Targeted Low-rank Refinement: Enhancing Sparse Neural Networks with Precision

Li Shen; Anke Tang; Xiaoguang Ren; Yong Luo; Han Hu; Xiaochun Cao

Targeted Low-rank Refinement: Enhancing Sparse Neural Networks with Precision

Li Shen, Anke Tang, Xiaoguang Ren, Yong Luo, Han Hu, Xiaochun Cao

24 Sept 2024 (modified: 03 Dec 2024)ICLR 2025 Conference Withdrawn SubmissionEveryoneRevisionsBibTeXCC BY 4.0

Keywords: Model Compression, Low-Rank Refinement, Model Pruning

TL;DR: We propose an iterative method for refining pruned neural network weights, aiming to improve model performance while maintaining sparsity

Abstract: Pruning is a widely used technique for compressing large neural networks that eliminate weights that have minimal impact on the model's performance. Current pruning methods, exemplified by magnitude pruning, assign an importance score to each weight based on its magnitude and remove weights with scores below a certain threshold. Nonetheless, these methods often create a gap between the original dense and the pruned sparse model, potentially impairing performance.

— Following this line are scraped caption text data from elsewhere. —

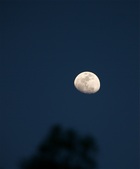 Enlarge photo 94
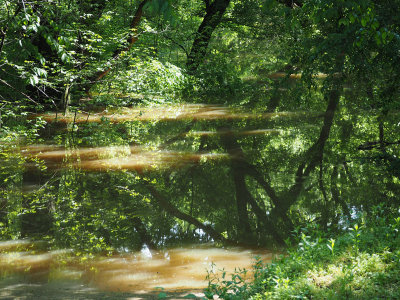 Water overflowing the river bank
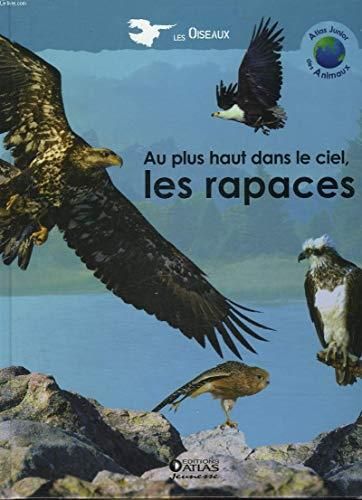 Au plus haut dans le ciel, les rapaces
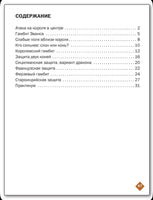 Шахматная школа. Третий год обучения. Рабочая тетрадь/Барский В.Л.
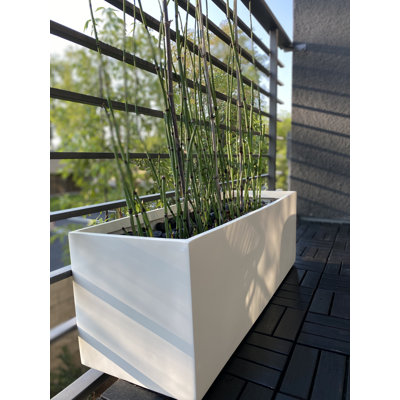 Cogburn Belmont Rectangle Planter Box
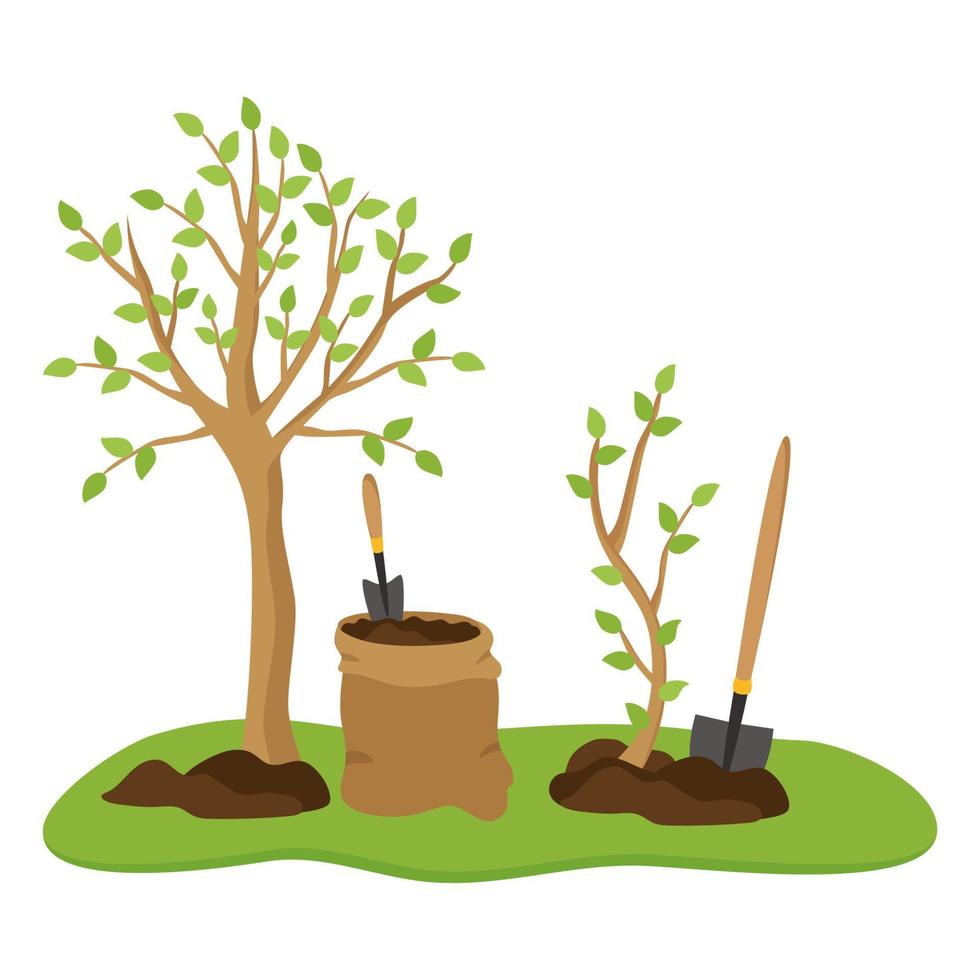 Gardening spring planting of trees. Young seedlings in fresh soil, next to a shovel and a bag of earth. Illustration of agriculture vector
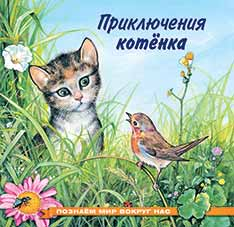 Приключения котенка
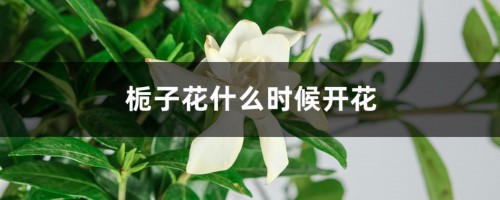 栀子花什么时候开花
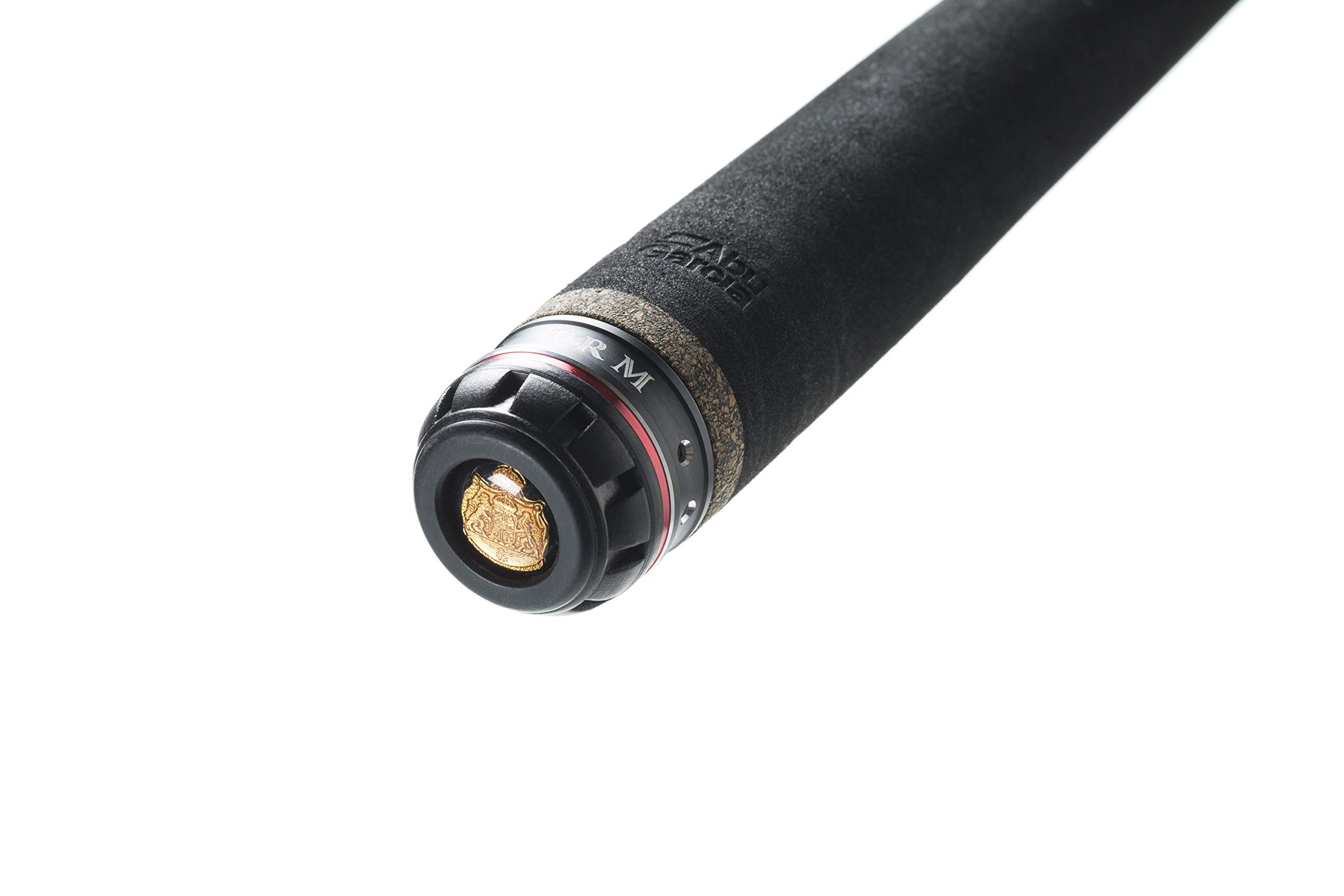 Amazon | アブガルシア(Abu Garcia) ショアジギングロッド スピニング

Especially when the sparsity ratio is high, the gap becomes more pronounced. To mitigate this issue, we introduce to bridge the gap left by pruning by utilizing a low-rank approximation of the difference between the dense and sparse matrices. Our method specifically entails the iterative refinement of the sparse weight matrix, augmented by a low-rank adjustment. This technique captures and retains the essential information often lost during pruning, thereby improving the performance of the pruned model. Furthermore, we offer a comprehensive theoretical analysis of our approach, emphasizing its convergence properties and establishing a solid basis for its efficacy. Experimental results on LLaMa models validate its effectiveness on large language models across various pruning techniques and sparsity levels. Our method shows significant improvements: at 50\% sparsity, it reduces perplexity by 53.9\% compared to conventional magnitude pruning on LLaMa-7B.Furthermore, to achieve a specific performance target, our approach enables an 8.6\% reduction in model parameters while maintaining a sparsity ratio of about 50\%.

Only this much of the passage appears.